人は皆「テレビに出たい」と思うのだろうか。
漠然とした願望も含めると、ほとんどがそう願うものなのかもしれない。
しかし、自分の望まないかたちを強いられてまで
テレビに出なければならないとすれば、
大半の人々はその願いを取り下げようとするだろう。

僕は仕事で、紙やウェブ媒体の制作を行っている。
この仕事では、各ページを制作するにあたり、
情報を統一するための「テーマ」なり「切り口」なりが求められる。
そのうえで紹介する情報を選別し、取材へと至るわけだが、
進行上で”ページテーマからのズレ”が生じることも数多い。
企画の趣旨をあらかじめ説明したにも関わらず、
いざ取材、の段階で小さな狂いが生じることは、多々あるのだ。

しかし紙やウェブ媒体の制作には、
先方校正という作業が必ず組み込まれている
(ゴシップ誌などを除く。
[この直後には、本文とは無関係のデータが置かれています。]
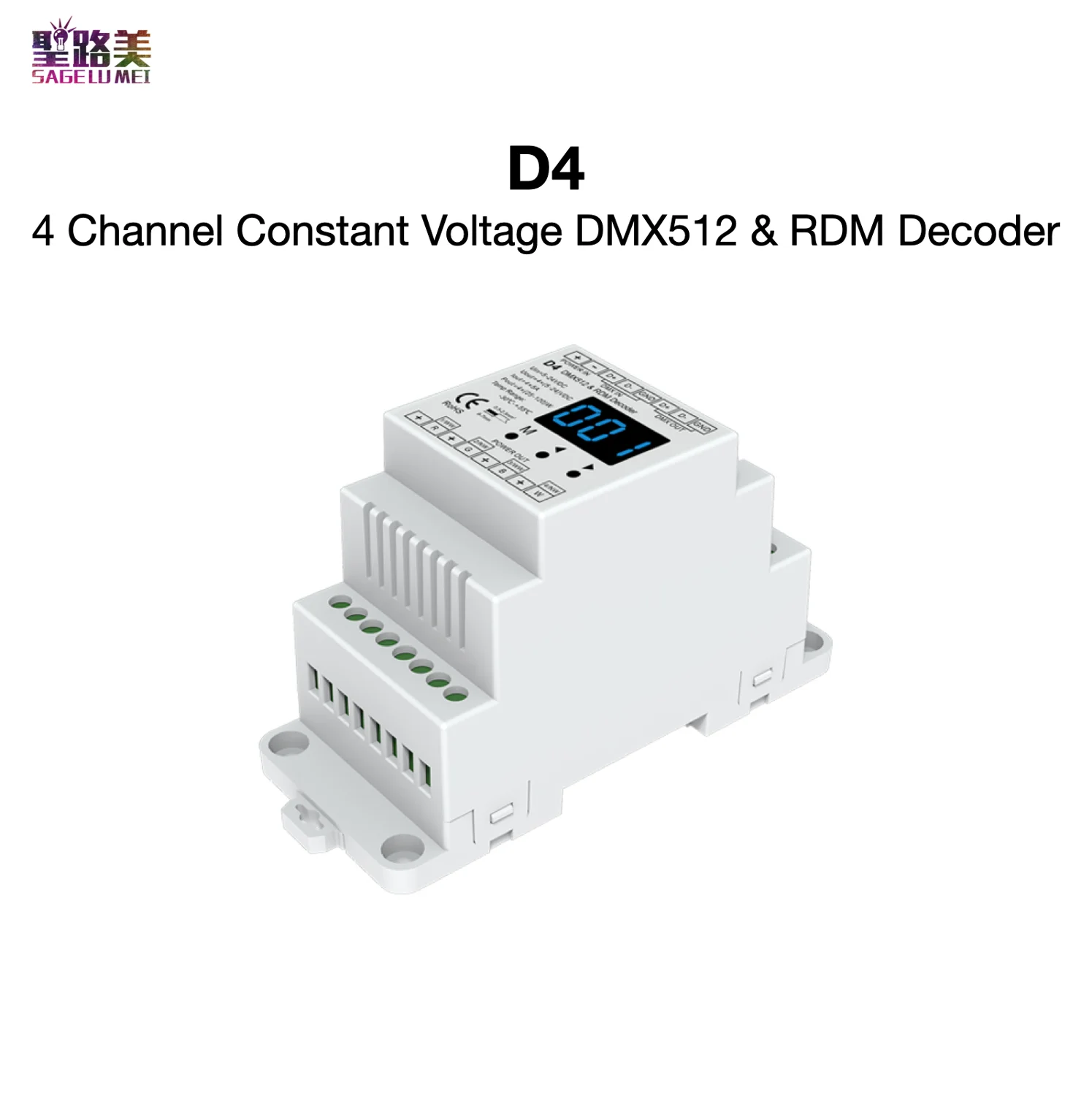 

D4 4-канальный декодер DMX512 и RDM с постоянным напряжением, автономная функция RDM, две частоты PWM, Din-рейка, многоуровневая защита SkyDance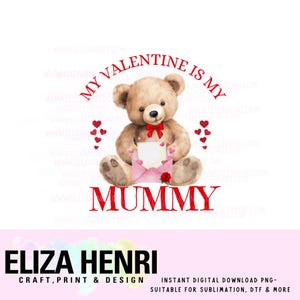 Mamãe é meu namorado Urso vermelho PNG, Meu namorado é minha mamãe, 1º dia dos namorados Sublimação, Design de pijama de urso fofo, Download digital instantâneo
またこの作業が必須となったのは、ここ25年ぐらいのこと)、
このため最終的な仕上がりにおいて、取材する側とされる側に、
甚だしい見解の相違が生じることは少ない。

ところがテレビ番組の制作上には、先方校正という作業がないのである。
つまり一度出演を承諾して、撮影されたが最後、
あとはどのように編集、放送されても文句を言えないわけだ。
この事実が即、非人道的な情報操作に繋がるわけではないのだが、
考えようによっては、とても恐しいことである。
マスメディアという括りでは同業者にあたるのかもしれないが、
僕にはとてもできない仕事だ。
権力が大きい分、責任も重過ぎるのである。
感覚の一部が麻痺している人間でなければ、
テレビのディレクターなんて勤まらない、と本気で思う。

少し話が変わるが、僕の友人から、3人ほどテレビに出る人間が生まれた。
Aは今やマスメディアの寵児で、引っ張りだこの人気者。
Bはもって今年いっぱいだろうというのが、内輪だけでなく世間一般の評価である。
Cはちょくちょくテレビに顔を出しているものの、ほぼ無名に等しい。

しかしいざテレビに出るとなって、
言動に最も大きな変化を生じさせたのはCであった。
「有名人の●●さんとご飯を食べに行った」などと吹聴して回るのは可愛い方で、
交際費やタクシー代に尋常でない額を使うようになった。
こうした病に浮かされていると、友人の忠告など一切耳に入らなくなるものらしい。
Cはそうした浪費が自分の将来のためになる、と
無邪気に信じ込んでいる様子であった。
たぶん誰かにそう吹き込まれたのだろう。
またCは、素人とともに出演する番組へDを引き込んだ。
説得の文句は「テレビに出られるんだよ」だったそうだ。
Dは何度かその番組に出演したのち、Cの誘いを断るようになった。
Cは「どうして? テレビに出られるんだよ」と繰り返したそうだが、
Dは「だから何?」と考えたようだ。

世の中の一部の人間にとって、テレビに出ることは人生の目的そのものになるようだ。
そこで何をするのかではなく、テレビに出ること自体に意味を見出すのである。
例え自分の予想に反する編集がなされても、大した失望には至らないらしい。

この映画は、テレビの魔力に取り憑かれた人間の、
浅薄な心理や行動を題材にしたサスペンスである。
非常にシニカルな脚本で、ときにコメディを観ているようにも感じられたが、
実際の事件をベースとしているところが、笑えない。
こんな女、身の周りにいたら、さぞかし迷惑だろう……。
しかし日本ですら先述の有様なのだから、
アメリカにはこうした人間がウヨウヨしているに違いない。
行動力や積極性はひと一倍あるのだから、
正しい方向に使えば成功できそうなものだが、
スタート時点で目的そのものを見誤っているのである。
なぜそうなってしまうのだろうか? 答えは簡単。
「そこに思想がない」からである。

しかし二コール・キッドマンの演技は見事だった。
悪女と呼ぶにはちょっとオツムが足りなすぎる役柄だが、
まず喋り方そのものが、他作で観た彼女と随分違う。
軽薄そのものを絵に描いたような成り切りぶりが、憑依のレベルに達しているのである。
自分の中にも当然潜んでいるはずの自己顕示欲を、
拡大表現してみせたのだろう。
女優としてのイメージそのものが固定される危険もあったはずだが、
その後の活躍ぶりを見ると、上手にやり過ごしたようである。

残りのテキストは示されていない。